== Exercise ==
Below is some data. Retype exactly the lines starting at the one with "ANTA Dropmint menthol" and ending at the one with "Bundeswehr marschkompass breit".

== Data extracts ==
• • • •

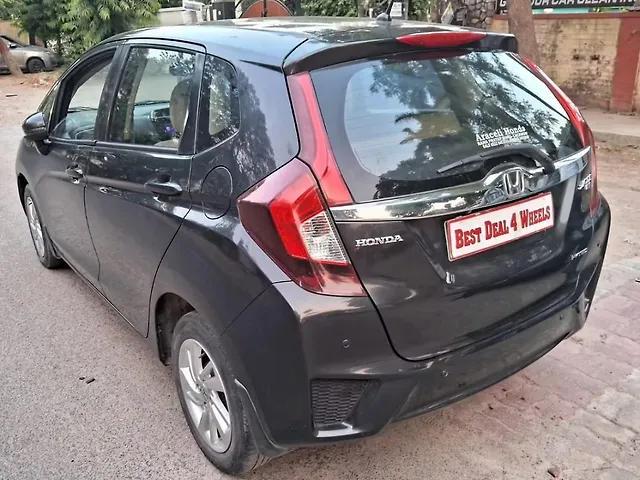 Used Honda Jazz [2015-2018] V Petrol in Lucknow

• • • •

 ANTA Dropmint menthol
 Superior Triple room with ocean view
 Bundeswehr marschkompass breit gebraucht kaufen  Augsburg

• • • •

== Task solution ==
 ANTA Dropmint menthol
 Superior Triple room with ocean view
 Bundeswehr marschkompass breit gebraucht kaufen  Augsburg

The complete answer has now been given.